The marine conservation group was the first to deploy a disaster risk assessment team and aid to communities near the coast of Bohol island, areas still recovering from a magnitude-7.2 earthquake last month that left 222 dead and thousands still without homes.

The organization works directly with 35 villages or nearly 54,000 people in various islands in the central Philippines. Vincent noted how the devastated communities could further deplete fish stocks, which could harm productivity and food security in the long term.

“But that’s easy for us to say when you have hunger and desperation on the ground,” she said.

In northern Cebu, the Ramon Aboitiz Foundation Inc. (RAFI), a nonprofit development group that brings education and microfinance programs to remote communities, brought relief supplies including food, water and shelter kits.

Two days after Haiyan’s landfall, an internal assessment from RAFI recognized where international aid relief, with logistics hampered by geography and another storm, will help prioritize aid.

‘A Boy Scouts night’

“The devastation in Tacloban City and Leyte has been well reported and highly sensationalized by the media,” the report stated. “It may be expected that the support of the public will be poured to Leyte.
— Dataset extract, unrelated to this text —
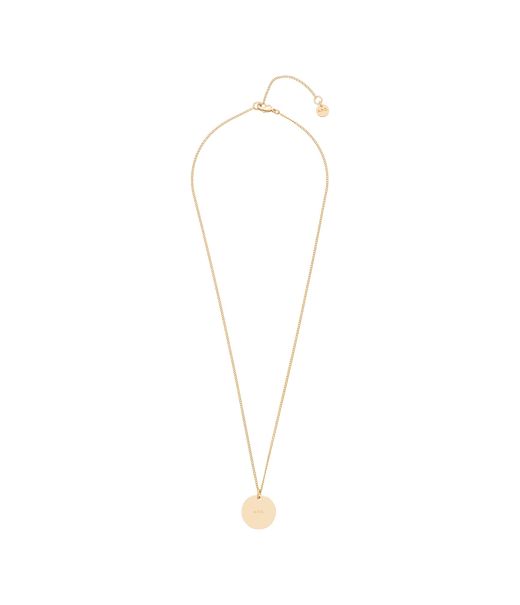 Eloi Necklace Jewelry Secure Raa - Gold|Rab - Silver Men A.p.c.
This means the support for Northern Cebu, which is as severely affected as Leyte, must also be highlighted.”

The capacity of nongovernmental organizations already present on the ground is limited, but serves as the first lifeline for thousands of people.

“There’s a stronger impetus now for ensuring climate resilient infrastructure should be considered in development,” said Evelyn Nacario-Castro, head of the resource mobilization team for the organization’s relief efforts.

Both organizations are applying for grants and appealing for donations to continue their work in the typhoon-ravaged region.

On the road out of Tacloban, Daño’s voice cracked as she recalled the grief and resilience of the survivors living beside piles of wood and corrugated metal that were once homes, schools and businesses.

“When night fell on my first day there, I saw people making bonfires,” she said. “It was like a Boy Scouts night. They were forming circles and telling stories of how they survived. At some point, they were laughing and telling jokes. They were singing.”